Je tiens également à vous faire part, Monsieur le Président, de la vive émotion ressentie en Principauté lors de l'accident du vol Swissair 111. Mes pensées les plus tristes vont aux victimes de cet accident dont certaines appartiennent à la grande famille des Nations Unies. Nous partageons la douleur et l'affliction de leurs proches.

Monsieur le Président,

L'Afrique et l'Europe ont récemment connu une série tragique d'attentats terroristes qui a fait des centaines de victimes, femmes, enfants, personnes âgées, souvent de passage par hasard sur les lieux. Elle a entraîné une escalade inéluctable de l'emploi de la force et un risque accru de conflits.

Les Autorités et la population monégasques ont été très sensibles à ces événements douloureux. Ils tiennent, par Ma voix, à renouveler aux Gouvernements concernés et aux familles des victimes l'expression de leur solidarité et de leur très vive sympathie.

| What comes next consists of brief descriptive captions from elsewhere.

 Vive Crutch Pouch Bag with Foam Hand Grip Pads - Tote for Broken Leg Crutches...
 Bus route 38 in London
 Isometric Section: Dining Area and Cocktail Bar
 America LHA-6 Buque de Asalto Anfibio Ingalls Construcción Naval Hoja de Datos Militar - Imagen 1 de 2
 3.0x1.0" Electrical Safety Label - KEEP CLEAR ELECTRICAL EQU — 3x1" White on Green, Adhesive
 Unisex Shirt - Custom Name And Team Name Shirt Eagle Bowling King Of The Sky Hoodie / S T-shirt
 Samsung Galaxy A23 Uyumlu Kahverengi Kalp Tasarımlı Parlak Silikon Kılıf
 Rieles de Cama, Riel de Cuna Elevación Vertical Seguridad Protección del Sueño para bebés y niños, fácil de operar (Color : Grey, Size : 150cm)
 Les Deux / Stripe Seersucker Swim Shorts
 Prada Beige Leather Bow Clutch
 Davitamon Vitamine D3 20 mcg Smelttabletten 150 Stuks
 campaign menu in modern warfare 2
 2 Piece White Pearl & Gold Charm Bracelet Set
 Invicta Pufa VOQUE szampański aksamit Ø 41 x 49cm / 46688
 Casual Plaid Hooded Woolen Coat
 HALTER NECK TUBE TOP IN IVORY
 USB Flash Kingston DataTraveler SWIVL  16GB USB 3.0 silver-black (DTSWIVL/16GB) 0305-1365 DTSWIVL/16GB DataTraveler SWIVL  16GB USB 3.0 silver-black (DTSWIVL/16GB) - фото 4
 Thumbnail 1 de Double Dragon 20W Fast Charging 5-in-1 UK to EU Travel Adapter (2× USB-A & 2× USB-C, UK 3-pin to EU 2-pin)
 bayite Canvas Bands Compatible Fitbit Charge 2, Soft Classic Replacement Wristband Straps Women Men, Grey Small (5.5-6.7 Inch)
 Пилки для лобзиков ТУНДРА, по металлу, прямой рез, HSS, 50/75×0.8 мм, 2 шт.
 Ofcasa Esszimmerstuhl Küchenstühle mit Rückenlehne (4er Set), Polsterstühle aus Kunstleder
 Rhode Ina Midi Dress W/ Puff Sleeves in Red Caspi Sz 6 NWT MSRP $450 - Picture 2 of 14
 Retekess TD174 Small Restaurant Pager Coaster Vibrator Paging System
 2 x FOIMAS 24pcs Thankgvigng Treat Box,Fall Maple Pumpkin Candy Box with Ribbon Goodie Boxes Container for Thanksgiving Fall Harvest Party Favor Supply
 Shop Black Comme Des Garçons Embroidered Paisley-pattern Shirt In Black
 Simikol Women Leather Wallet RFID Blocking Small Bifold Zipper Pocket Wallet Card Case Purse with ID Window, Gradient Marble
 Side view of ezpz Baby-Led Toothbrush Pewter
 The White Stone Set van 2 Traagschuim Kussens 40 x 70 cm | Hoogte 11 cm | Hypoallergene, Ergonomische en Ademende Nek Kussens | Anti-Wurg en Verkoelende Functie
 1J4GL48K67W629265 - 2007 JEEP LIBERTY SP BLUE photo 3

Le Conseil de sécurité, le 13 août dernier, a condamné fermement les actes de terrorisme qu'il a qualifié d'odieux. Il a rappelé sa Déclaration du 31 janvier 1992 proclamée à la suite de sa Réunion de haut niveau des Chefs d'État et de Gouvernement.

La Principauté de Monaco adhère, sans réserve, à cette position. Elle est parfaitement consciente que le terrorisme met en danger non seulement la sécurité des États et de leurs habitants mais également la coopération et la paix internationales.

Mon pays est plus que jamais convaincu de la nécessité de renforcer la collaboration internationale en vue de lutter encore plus efficacement contre ce fléau qui représente une grave et dramatique régression dans les relations entre les hommes, les Nations et les peuples. Il fait totalement siennes les dispositions de la résolution 52/165 adoptée par Notre Assemblée générale le 15 décembre 1998 ainsi que les mesures visant à éliminer le terrorisme international qu'elle préconise. Le Gouvernement Princier examine actuellement la possibilité l'adhérer à la Convention internationale pour la répression des attentats terroristes à l'explosif que Nous avons adoptée, l'an dernier, sans vote, et qui est actuellement ouverte à la signature. Il exprime l'espoir que les négociations en cours en vue d'élaborer un projet de Convention pour la répression des actes de terrorisme nucléaire aboutissent rapidement.

En conclusion, Je forme le voeu que les travaux de cette 53ème session de Notre Assemblée générale soient couronnés de succès et que l'action de l'Organisation s'en trouve renforcée dans des domaines aussi essentiels que la sécurité internationale, le désarmement, le développement durable et la protection de l'environnement.

Je vous remercie, Monsieur le Président.